Happy (Anti-) Mother’s Day

Tour Dorothy Parker’s haunts—then lunch

This article was published in the May 14, 2007, edition of The New York Observer.

Dorothy Parker wasn’t exactly blessed with mothering instincts, but she did understand this fundamental truth: “The best way to keep children home is to make the home atmosphere pleasant,” she once said, “and let the air out of the tires.” So it’s apt that this Mother’s Day, Kevin Fitzpatrick, founder and president of the Dorothy Parker Society of New York, will lead a two-hour tour of the quippy anti-mummy’s Vicious Circle haunts.
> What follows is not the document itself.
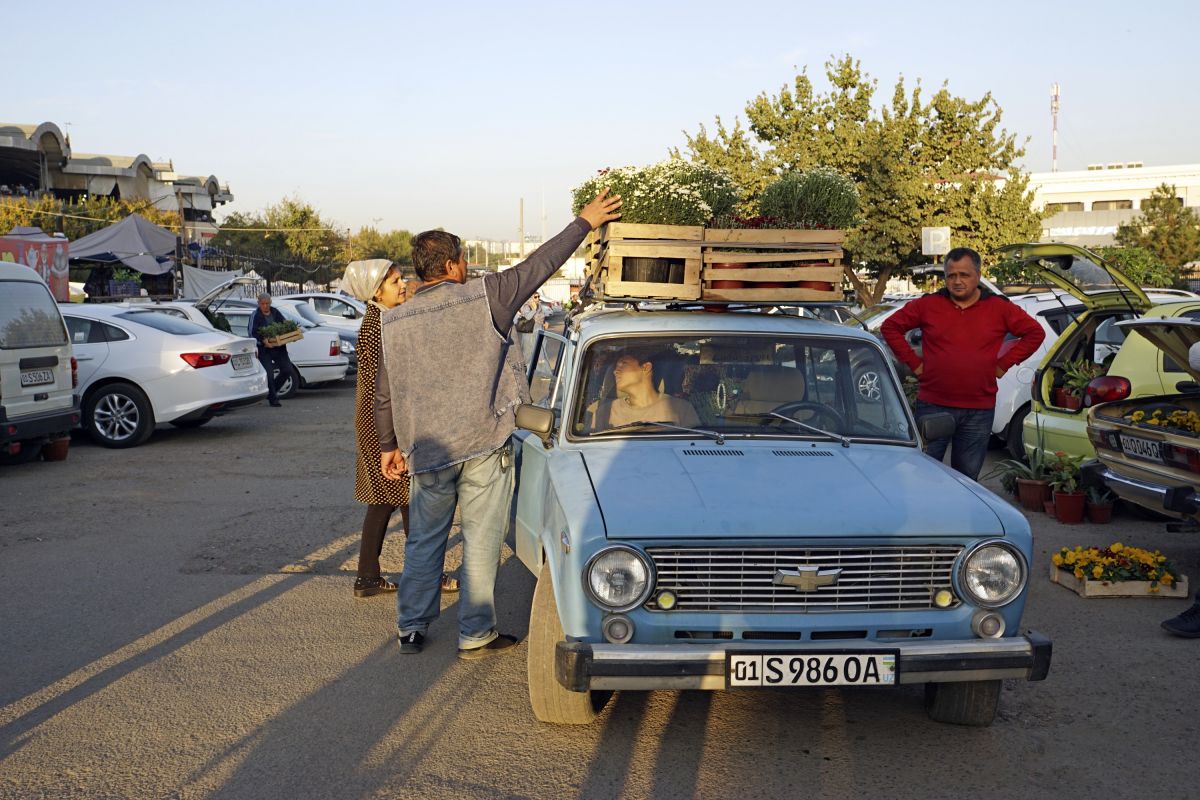 Taschkent Chorsu Basar: Belebter Markt in Usbekistan mit Fahrzeugen und Menschen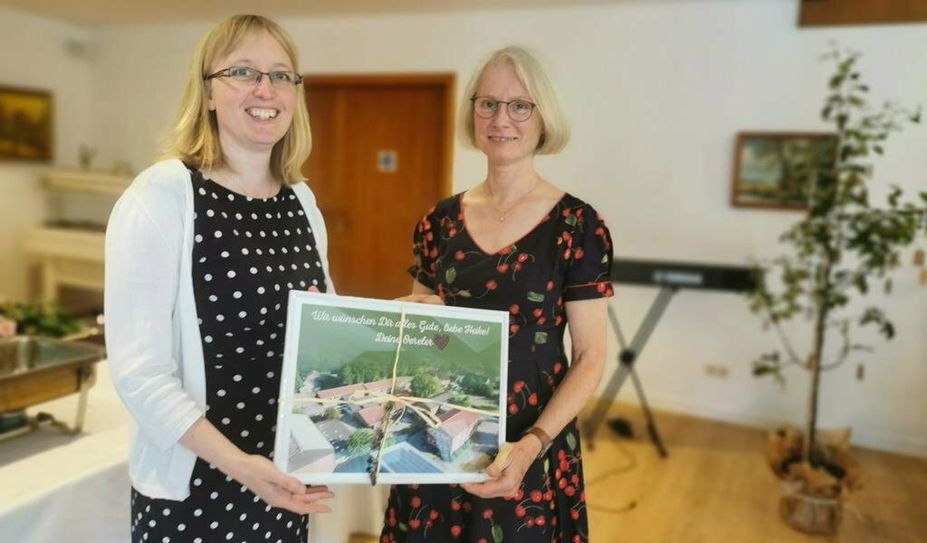 Konrektorin Alexandra Schwiering (li.) überreichte Heike Tretzmüller zum Abschied ein Luftbild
More than 40 destinations are included. Among them: speakeasies along West 49th Street, pal Alexander Woollcott’s Hell’s Kitchen home and the famed Algonquin Hotel, where Parker earned a most unmotherly reputation for breakneck barbs and boozing with the boys. Parker, of course, never became a mother. (Her own mother died just shy of Dorothy’s fifth birthday, and her stepmother died when she was 9.) The other ladies of the Algonquin Round Table were likewise amaternal. Writer Ruth Hale had a child, “but she was nutty,” Mr. Fitzpatrick said. “I can’t think of too many good moms on the table.” The tour concludes with an optional meal at the hotel. Perhaps you won’t gather tips on raising the next Super Kid, but the luncheon does have one perk. “Sitting there,” said Mr. Fitzpatrick, “just makes you funny.”

Algonquin Round Table Walking Tour, Sunday, May 13, Algonquin Hotel lobby, 59 West 44th Street, 11:45 a.m.